Я в порядке. Я живая.

Плыву к берегу.

Иногда я задумываюсь, может ли реальность раздваиваться. В «Заколдованной жизни» — книге, которую я подарила Гату — существуют параллельные вселенные, в которых разные события происходят с одними и теми же людьми. Был принят альтернативный выбор, или несчастный случай закончился иначе. У каждого есть свой дубликат в этих мирах. Другие мы, с другими жизнями, другой удачей.

Вариациями.

Я гадаю, к примеру, есть ли вариация сегодняшнего дня, где я умираю, спрыгивая с этого выступа. Затем следуют похороны, мой прах разбросан по малому пляжу. Миллионы плавающих пион окружают мое утонувшее тело, пока люди рыдают в покаянии и страданиях. Я — прекрасный труп.

Я гадаю, есть ли другая вариация, в которой Джонни ранен, его ноги и спина врезались об скалы. Мы не можем вызвать службу скорой помощи и должны плыть обратно на каяках с его порванными нервными окончаниями. К тому моменту, как вертолет отвозит его в больницу на материк, он уже никогда не сможет ходить.

В другой вариации я не иду с «Лжецами» кататься на каяках. Я позволяю им оттолкнуть меня. Они всё чаще гуляют без меня и врут по мелочам. Мы отдаляемся, шаг за шагом, и, в конце концов, наша летняя идиллия испорчена навсегда.

Мне кажется, это более чем вероятно, что такие вариации существуют.

55

 

В ту ночь я просыпаюсь от холода. Я отбрасываю одеяло и обнаруживаю окно открытым. Поднимаюсь слишком быстро, голова кружится.

Воспоминание.

Тетя Кэрри плачет. Сгорбленная, сопли текут по ее лицу, но она даже не пытается их вытереть. Женщина согнулась, она дрожит, ее может вырвать. Снаружи темно, на ней белая хлопковая блузка с курткой… синей клетчатой курткой Джонни.

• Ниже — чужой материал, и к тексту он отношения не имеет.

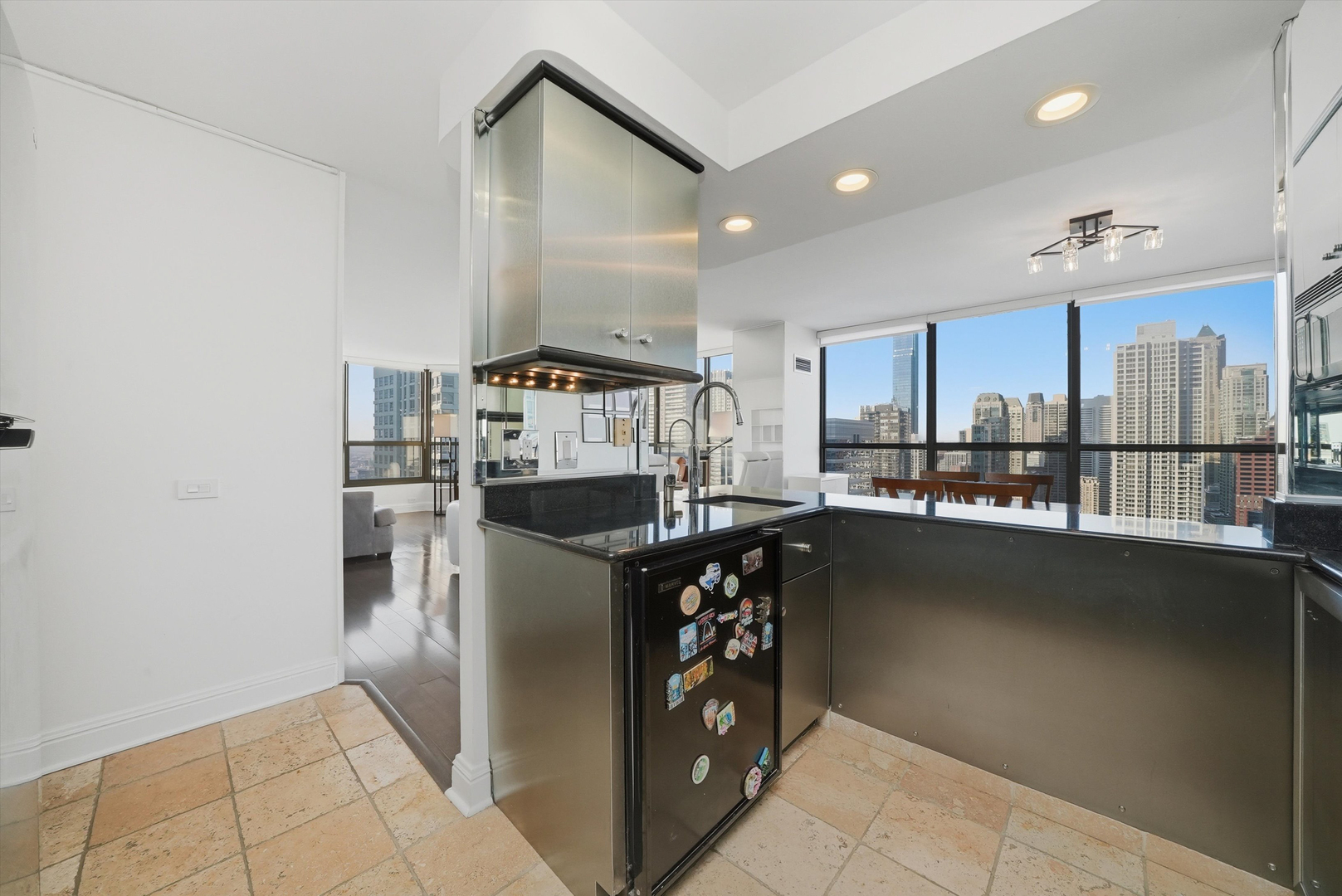 405 N WABASH Avenue Unit: 3803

Почему на ней куртка Джонни?

Почему она такая грустная?

Я встаю, нахожу свитер и ботинки. Хватаю фонарик и направляюсь в Каддлдаун. Гостиная пуста, освещена лунным светом. Весь стол заставлен пустыми бутылками. Кто-то оставил порезанное яблоко, оно уже темнеет. Я чувствую его запах.

Миррен здесь. Я не заметила ее прежде. Она скрывается под пледом, прислонившись к дивану.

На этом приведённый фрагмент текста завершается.